• [Task brief]:
What is needed is the exact text of each line in the listing below from the one with "Well watch what" up to and including the one with "This is Lens.", and no pictures.

-------- Records provided --------

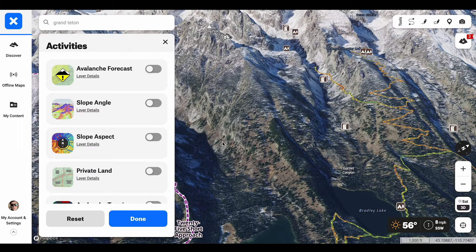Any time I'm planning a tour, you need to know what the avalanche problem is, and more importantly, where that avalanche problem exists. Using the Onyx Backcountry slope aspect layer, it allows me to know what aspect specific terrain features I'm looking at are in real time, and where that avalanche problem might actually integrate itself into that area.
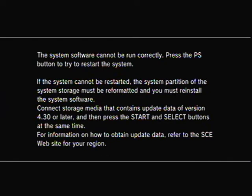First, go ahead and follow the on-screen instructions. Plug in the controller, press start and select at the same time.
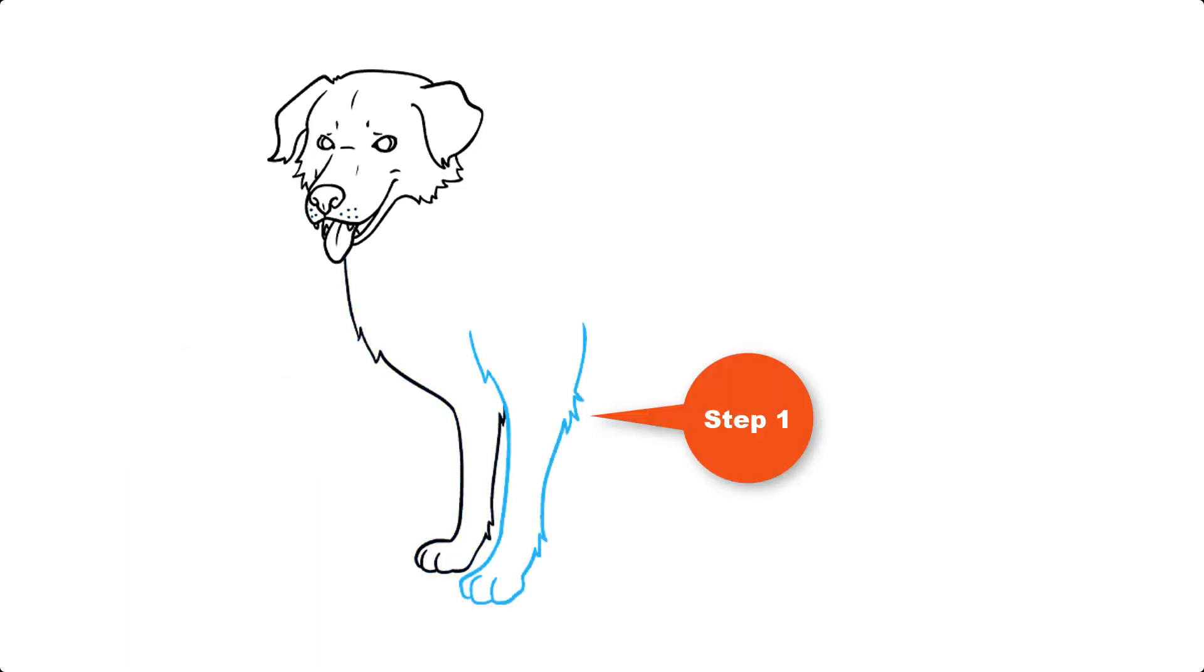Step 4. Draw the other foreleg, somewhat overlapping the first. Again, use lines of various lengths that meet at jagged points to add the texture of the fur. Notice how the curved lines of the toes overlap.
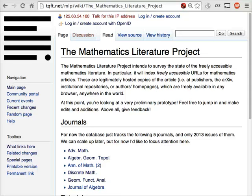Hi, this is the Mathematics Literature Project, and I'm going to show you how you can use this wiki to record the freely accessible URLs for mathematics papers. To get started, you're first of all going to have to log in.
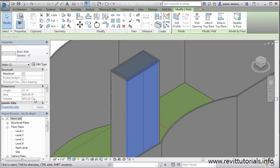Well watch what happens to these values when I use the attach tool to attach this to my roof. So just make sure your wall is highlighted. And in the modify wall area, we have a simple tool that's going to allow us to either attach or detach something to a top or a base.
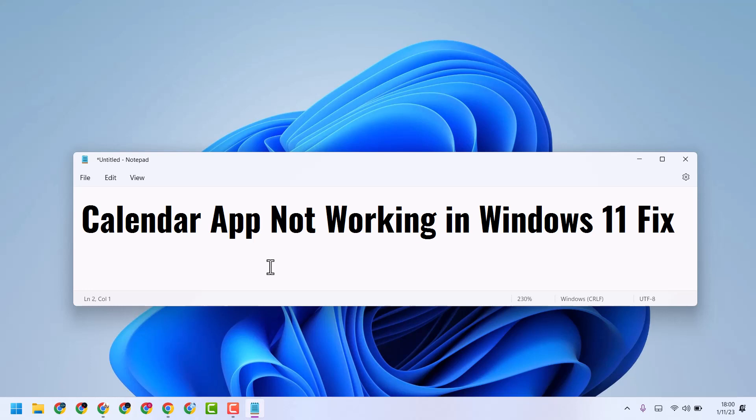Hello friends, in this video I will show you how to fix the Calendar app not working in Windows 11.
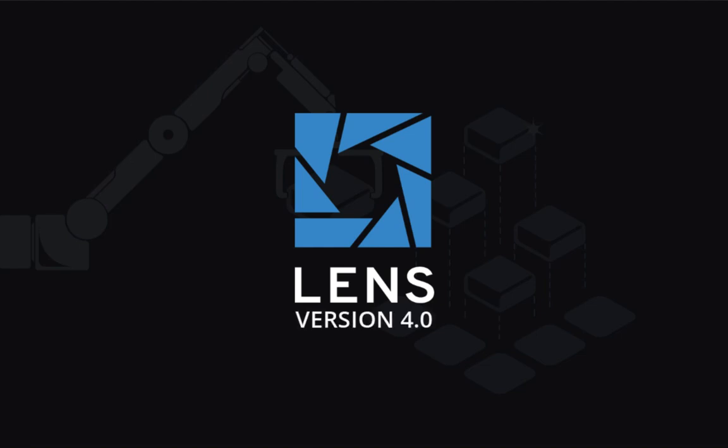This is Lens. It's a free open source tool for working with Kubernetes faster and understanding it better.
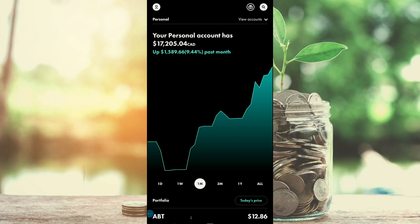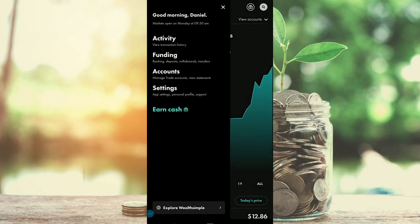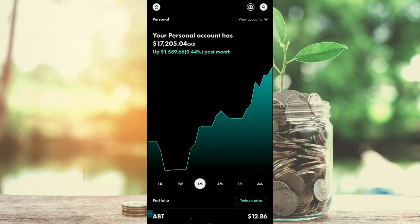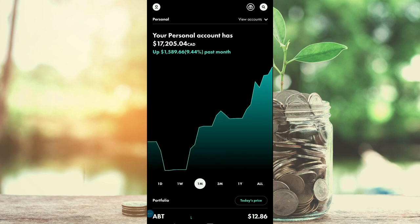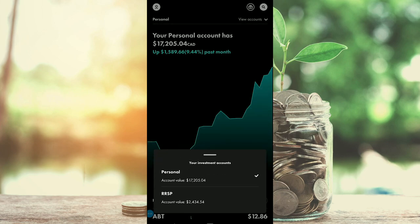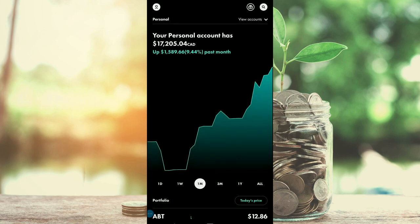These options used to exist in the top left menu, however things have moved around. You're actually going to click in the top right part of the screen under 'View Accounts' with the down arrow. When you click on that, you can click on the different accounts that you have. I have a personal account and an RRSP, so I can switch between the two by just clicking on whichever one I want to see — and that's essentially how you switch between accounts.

--------

• [Solved problem]:
Well watch what happens to these values when I use the attach tool to attach this to my roof. So just make sure your wall is highlighted. And in the modify wall area, we have a simple tool that's going to allow us to either attach or detach something to a top or a base.
Hello friends, in this video I will show you how to fix the Calendar app not working in Windows 11.
This is Lens. It's a free open source tool for working with Kubernetes faster and understanding it better.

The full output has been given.